In addition to BSL-3 considerations, BSL-4 laboratories have the following containment requirements:
- Personnel are required to change clothing before entering, shower upon exiting
- Decontamination of all materials before exiting
- Personnel must wear appropriate personal protective equipment from prior BSL levels, as well as a full body, air-supplied, positive pressure suit
- A Class III biological safety cabinet
A BSL-4 laboratory is extremely isolated—often located in a separate building or in an isolated and restricted zone of the building. The laboratory also features a dedicated supply and exhaust air, as well as vacuum lines and decontamination systems.

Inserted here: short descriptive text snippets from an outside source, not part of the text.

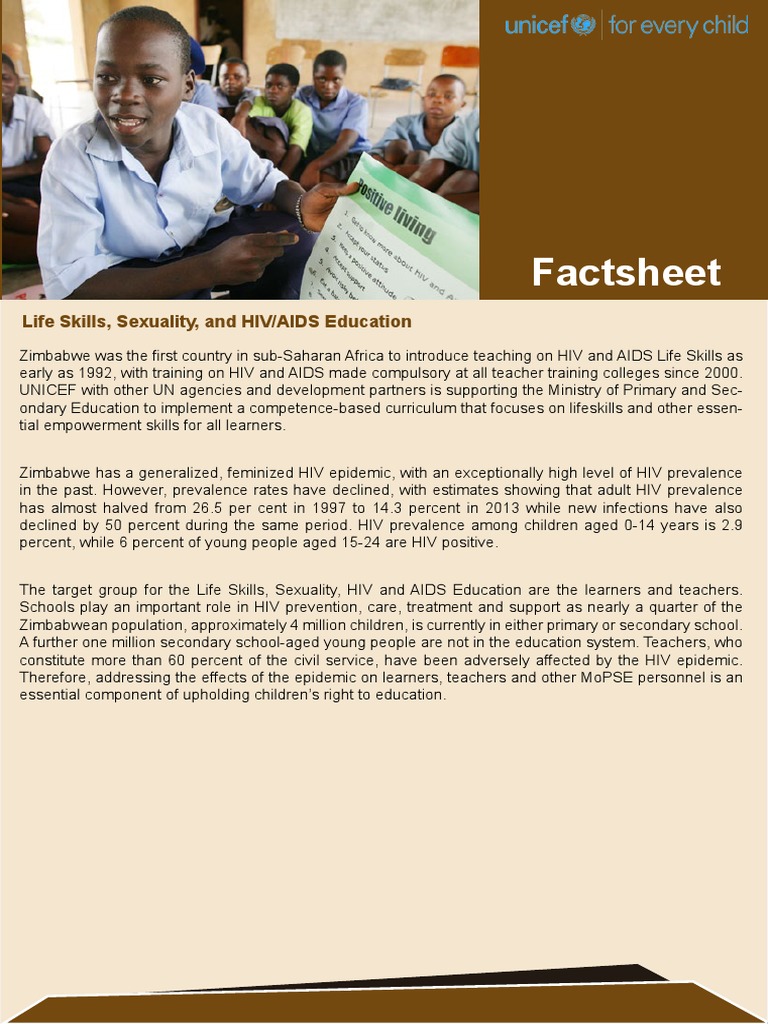 Factsheet: Life Skills, Sexuality, and HIV/AIDS Education | PDF ...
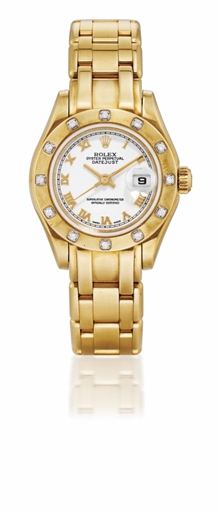 ROLEX, DATEJUST, REF. 80318.LADY'S YELLOW GOLD AND DIAMOND-SET AUTOMATIC BRACELET WATCH WITH DATE DISPLAY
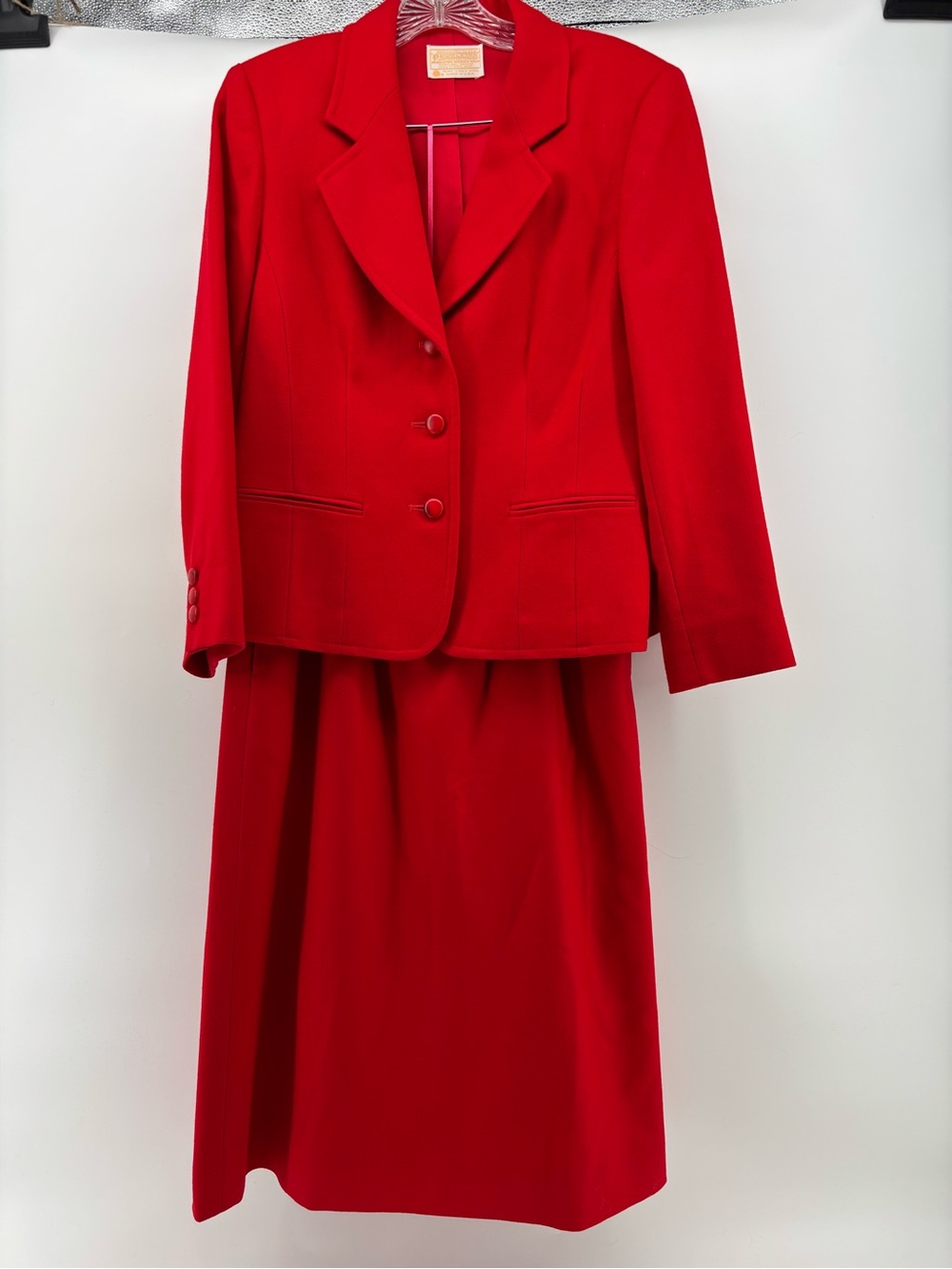 Vintage Pendleton Red 100% Wool Blazer Skirt Suit Set Size 8 USA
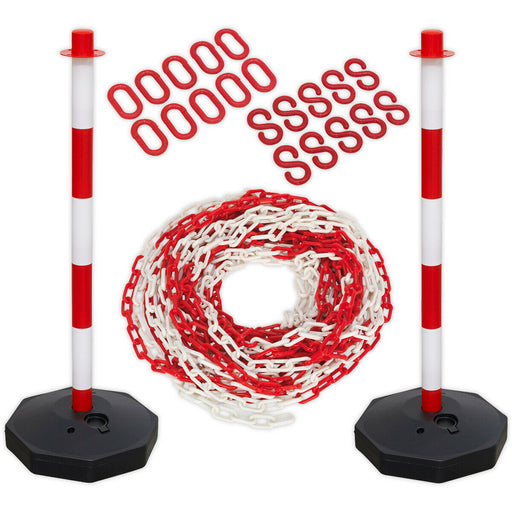 Technicians Exclusion Zone Extension Kit - 25m Red & White Chain & 2 Posts Loops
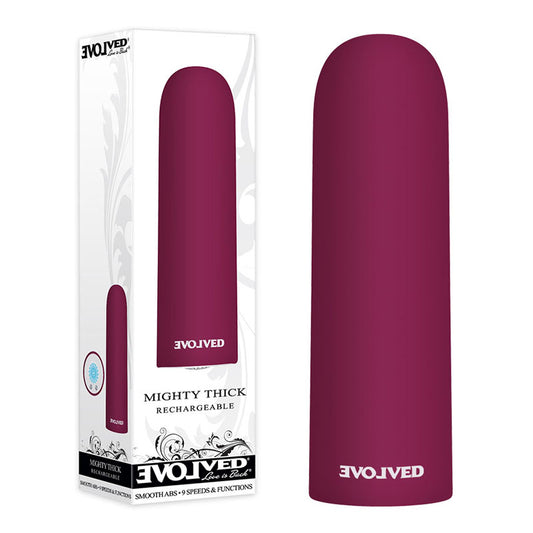 Evolved Mighty Thick Burgundy Red 9 Cm Usb Rechargeable Bullet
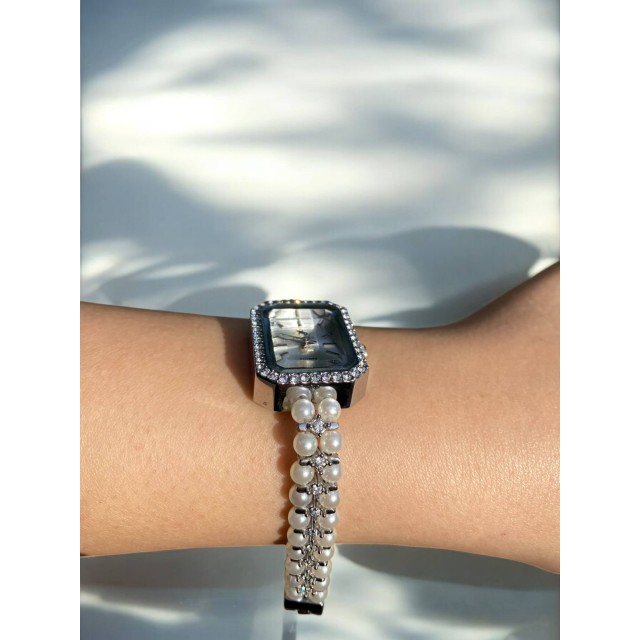 Dikdörtgen Kadranlı Gümüş İnci Kordonlu Kadın Vintage Saat-9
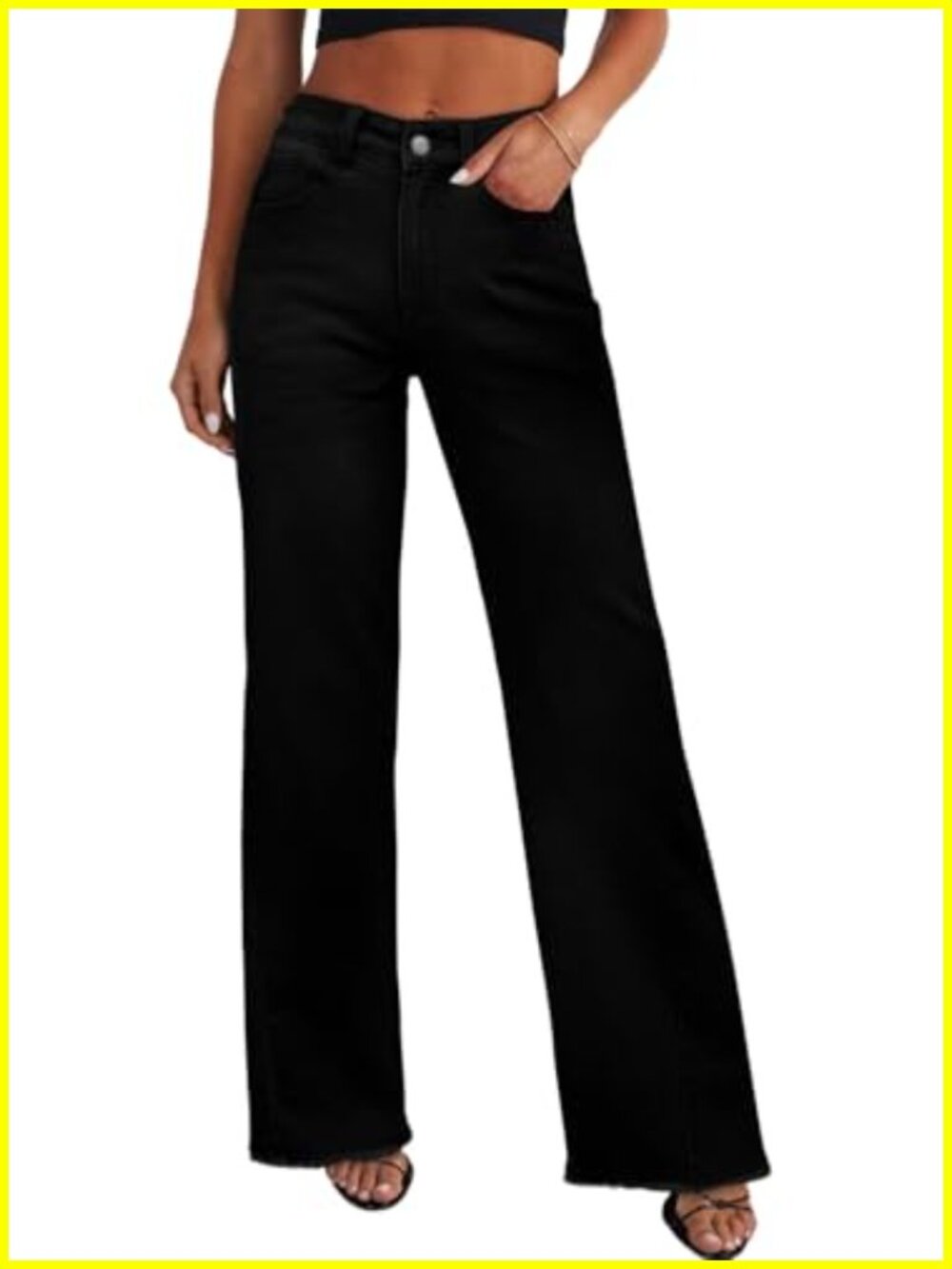 Women's High Waisted Wide Leg Jeans Stretchy Raw Hem Denim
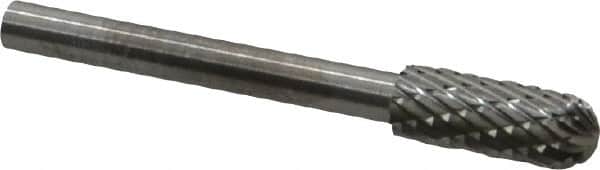 SGS Pro - 3/16" Cut Diam, 1/8" Shank Diam, Cylinder with Radius Head Double Cut Burr - Carbide, Radius End, 1/2" LOC - Benchmark Tooling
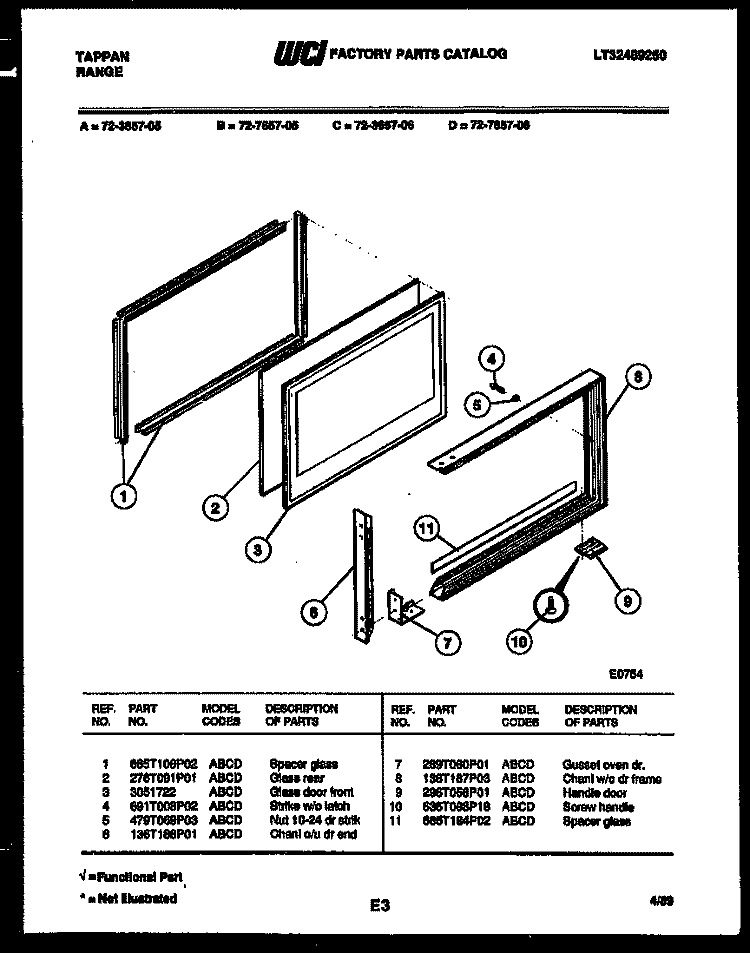 UPPER OVEN DOOR PARTS Diagram and Parts List for  Tappan Range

The U.S. has at least 13 such labs. Some of those are used by the military and may be used for bio weapon research. But most are medical research facilities.
The laboratory in Wuhan is specialized on viruses that are typical for the larger area. Some of its leaders are researching why bats are not affected by the viruses that they carry and which can kill people. SARS is known to have emerged from bats. Knowing how a bat's protection mechanism works could help to create better vaccines.
To jump from those facts to unfounded speculations and to accusing the researchers of having developed the nCoV19 or of spreading it is truly nefarious.
Aside from conspiracy nutters there is one serious suggestion that the novel coronavirus may indeed be something special.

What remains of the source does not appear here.